● Task details: Go through the material and return every line that contains the string "Large".

● Exercise data:
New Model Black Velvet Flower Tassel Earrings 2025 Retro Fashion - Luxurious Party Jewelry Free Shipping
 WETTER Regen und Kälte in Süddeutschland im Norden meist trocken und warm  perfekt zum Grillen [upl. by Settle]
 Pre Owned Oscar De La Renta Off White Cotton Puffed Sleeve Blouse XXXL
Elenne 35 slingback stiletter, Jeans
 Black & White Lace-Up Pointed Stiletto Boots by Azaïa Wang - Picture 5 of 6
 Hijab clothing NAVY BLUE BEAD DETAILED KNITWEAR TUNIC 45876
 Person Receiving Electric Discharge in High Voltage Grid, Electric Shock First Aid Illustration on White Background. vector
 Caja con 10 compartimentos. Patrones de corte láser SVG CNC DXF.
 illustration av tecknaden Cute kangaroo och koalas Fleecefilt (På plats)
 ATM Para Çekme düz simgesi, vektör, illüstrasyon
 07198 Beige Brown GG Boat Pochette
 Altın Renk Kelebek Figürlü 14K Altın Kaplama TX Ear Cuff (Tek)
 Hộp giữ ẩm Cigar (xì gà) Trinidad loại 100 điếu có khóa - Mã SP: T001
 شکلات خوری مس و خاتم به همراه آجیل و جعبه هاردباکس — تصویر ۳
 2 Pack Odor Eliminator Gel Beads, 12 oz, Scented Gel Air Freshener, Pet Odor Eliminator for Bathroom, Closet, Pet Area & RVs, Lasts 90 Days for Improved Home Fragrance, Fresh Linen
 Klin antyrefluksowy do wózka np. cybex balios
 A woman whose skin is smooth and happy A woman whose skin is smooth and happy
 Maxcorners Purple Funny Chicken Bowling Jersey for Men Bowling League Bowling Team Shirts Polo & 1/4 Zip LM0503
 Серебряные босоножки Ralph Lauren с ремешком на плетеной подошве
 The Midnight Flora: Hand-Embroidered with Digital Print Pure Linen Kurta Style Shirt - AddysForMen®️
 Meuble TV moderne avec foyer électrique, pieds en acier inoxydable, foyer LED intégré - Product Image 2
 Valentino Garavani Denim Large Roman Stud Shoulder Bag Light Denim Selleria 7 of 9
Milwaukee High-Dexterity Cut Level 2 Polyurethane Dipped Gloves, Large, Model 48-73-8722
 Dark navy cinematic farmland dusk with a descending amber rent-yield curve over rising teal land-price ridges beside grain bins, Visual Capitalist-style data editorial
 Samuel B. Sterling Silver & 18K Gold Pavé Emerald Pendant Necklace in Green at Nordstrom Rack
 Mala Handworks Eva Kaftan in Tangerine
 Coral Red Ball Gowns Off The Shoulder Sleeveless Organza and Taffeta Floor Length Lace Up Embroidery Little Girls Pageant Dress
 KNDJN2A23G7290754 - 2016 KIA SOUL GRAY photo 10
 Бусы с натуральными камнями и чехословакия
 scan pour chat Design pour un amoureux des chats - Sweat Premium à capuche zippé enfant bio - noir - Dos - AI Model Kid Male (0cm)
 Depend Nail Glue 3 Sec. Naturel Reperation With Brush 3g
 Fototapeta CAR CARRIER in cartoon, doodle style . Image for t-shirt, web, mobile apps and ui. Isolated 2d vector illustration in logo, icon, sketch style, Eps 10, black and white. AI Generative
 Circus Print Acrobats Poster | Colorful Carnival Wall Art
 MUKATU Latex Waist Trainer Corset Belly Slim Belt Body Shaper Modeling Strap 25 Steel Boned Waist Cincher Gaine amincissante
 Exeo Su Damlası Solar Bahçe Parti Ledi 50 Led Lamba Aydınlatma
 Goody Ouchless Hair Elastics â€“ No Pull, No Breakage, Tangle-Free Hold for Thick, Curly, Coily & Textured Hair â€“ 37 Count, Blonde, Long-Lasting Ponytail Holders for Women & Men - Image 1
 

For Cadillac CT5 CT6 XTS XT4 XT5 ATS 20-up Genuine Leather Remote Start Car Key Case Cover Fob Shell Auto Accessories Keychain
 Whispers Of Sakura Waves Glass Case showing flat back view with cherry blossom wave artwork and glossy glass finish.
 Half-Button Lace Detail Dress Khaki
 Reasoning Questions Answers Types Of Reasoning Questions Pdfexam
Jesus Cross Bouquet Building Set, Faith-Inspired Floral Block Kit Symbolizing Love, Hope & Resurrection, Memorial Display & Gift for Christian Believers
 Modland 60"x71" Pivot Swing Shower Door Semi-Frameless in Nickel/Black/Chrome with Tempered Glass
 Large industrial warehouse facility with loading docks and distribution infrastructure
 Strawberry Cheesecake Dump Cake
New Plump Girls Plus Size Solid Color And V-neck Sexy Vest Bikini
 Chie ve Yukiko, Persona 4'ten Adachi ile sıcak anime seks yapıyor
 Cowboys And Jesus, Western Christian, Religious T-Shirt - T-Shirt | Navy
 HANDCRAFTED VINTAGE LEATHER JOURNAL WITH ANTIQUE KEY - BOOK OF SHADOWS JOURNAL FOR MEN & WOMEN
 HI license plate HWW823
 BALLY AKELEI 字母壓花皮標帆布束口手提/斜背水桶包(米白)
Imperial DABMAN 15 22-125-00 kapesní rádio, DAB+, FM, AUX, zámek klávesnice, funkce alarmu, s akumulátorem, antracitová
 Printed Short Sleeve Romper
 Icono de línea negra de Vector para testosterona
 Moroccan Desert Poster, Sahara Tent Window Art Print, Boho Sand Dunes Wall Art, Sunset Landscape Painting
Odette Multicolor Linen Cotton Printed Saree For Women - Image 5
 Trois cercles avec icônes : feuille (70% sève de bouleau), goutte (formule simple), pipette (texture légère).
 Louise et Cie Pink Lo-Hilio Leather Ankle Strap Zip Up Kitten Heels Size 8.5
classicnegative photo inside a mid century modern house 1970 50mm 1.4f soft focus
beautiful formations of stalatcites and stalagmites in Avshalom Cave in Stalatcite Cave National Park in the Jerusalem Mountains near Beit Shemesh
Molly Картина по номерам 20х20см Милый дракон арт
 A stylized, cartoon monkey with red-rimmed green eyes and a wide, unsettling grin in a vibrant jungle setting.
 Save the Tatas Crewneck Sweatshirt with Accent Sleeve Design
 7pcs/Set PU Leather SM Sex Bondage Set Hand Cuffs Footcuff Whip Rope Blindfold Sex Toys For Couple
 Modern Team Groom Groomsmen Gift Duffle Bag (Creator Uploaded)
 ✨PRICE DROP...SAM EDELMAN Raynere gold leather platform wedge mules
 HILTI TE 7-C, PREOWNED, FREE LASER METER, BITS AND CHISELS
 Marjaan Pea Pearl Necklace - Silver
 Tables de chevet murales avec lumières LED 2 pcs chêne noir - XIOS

● Exercise output:
 Valentino Garavani Denim Large Roman Stud Shoulder Bag Light Denim Selleria 7 of 9
Milwaukee High-Dexterity Cut Level 2 Polyurethane Dipped Gloves, Large, Model 48-73-8722
 Large industrial warehouse facility with loading docks and distribution infrastructure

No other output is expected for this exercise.